*** Block opens ***

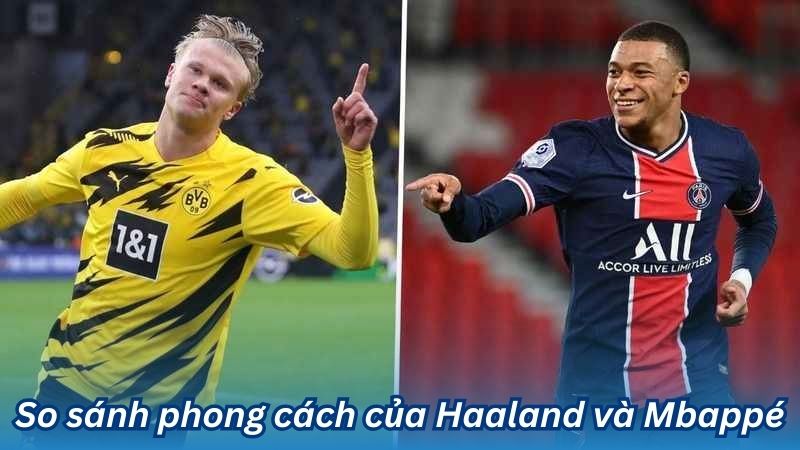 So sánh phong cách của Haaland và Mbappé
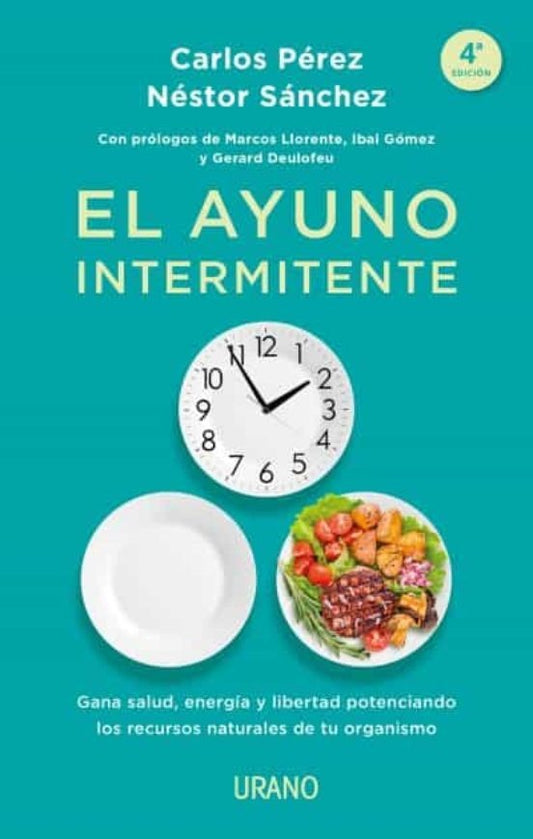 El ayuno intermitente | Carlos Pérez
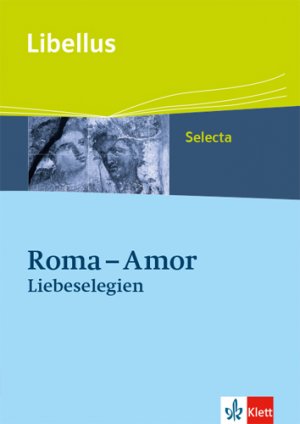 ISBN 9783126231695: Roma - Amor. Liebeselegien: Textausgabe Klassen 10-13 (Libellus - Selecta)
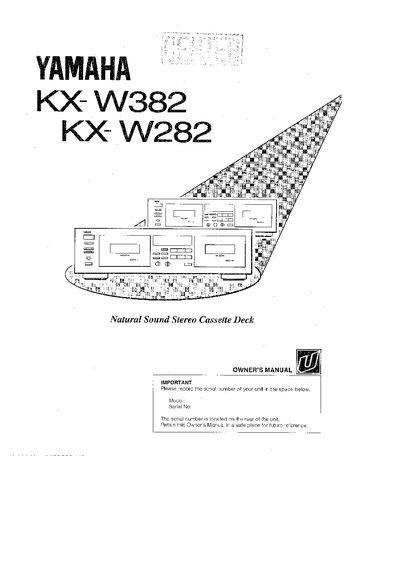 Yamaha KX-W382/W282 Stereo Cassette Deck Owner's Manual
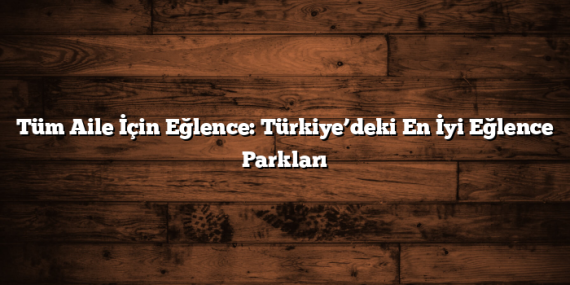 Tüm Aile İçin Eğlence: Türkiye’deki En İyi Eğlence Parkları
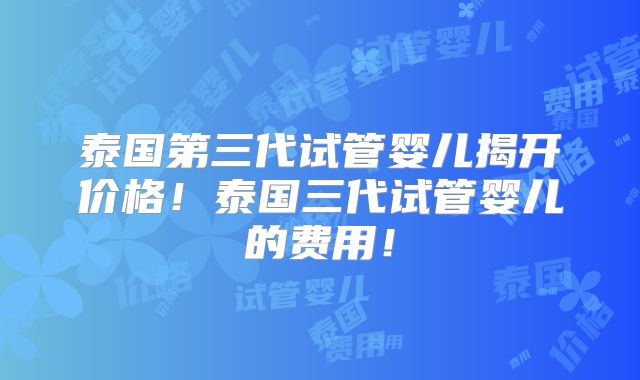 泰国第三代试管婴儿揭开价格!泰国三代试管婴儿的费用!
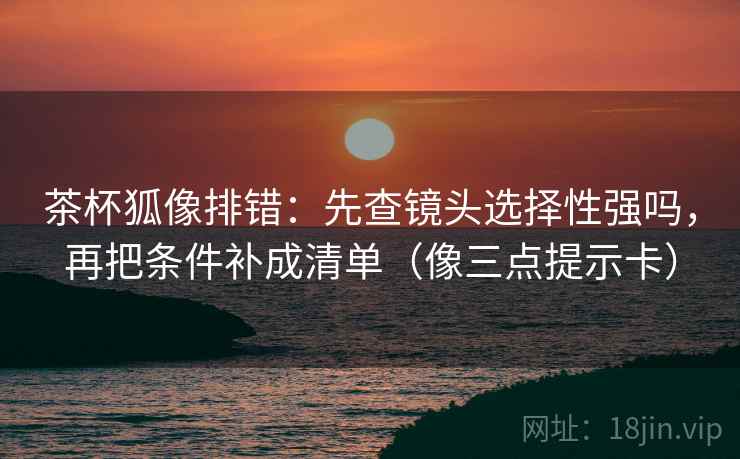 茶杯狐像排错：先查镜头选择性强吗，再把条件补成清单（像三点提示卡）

*** Block closes ***

*TASK TO COMPLETE*:
The required result is an exact copy of the lines from the line containing "泰国第三代试管婴儿揭开价格!泰国三代试管婴儿的费用!" through the end of the entries, with every picture left out.

*ANSWER BOX*:
 泰国第三代试管婴儿揭开价格!泰国三代试管婴儿的费用!
 茶杯狐像排错：先查镜头选择性强吗，再把条件补成清单（像三点提示卡）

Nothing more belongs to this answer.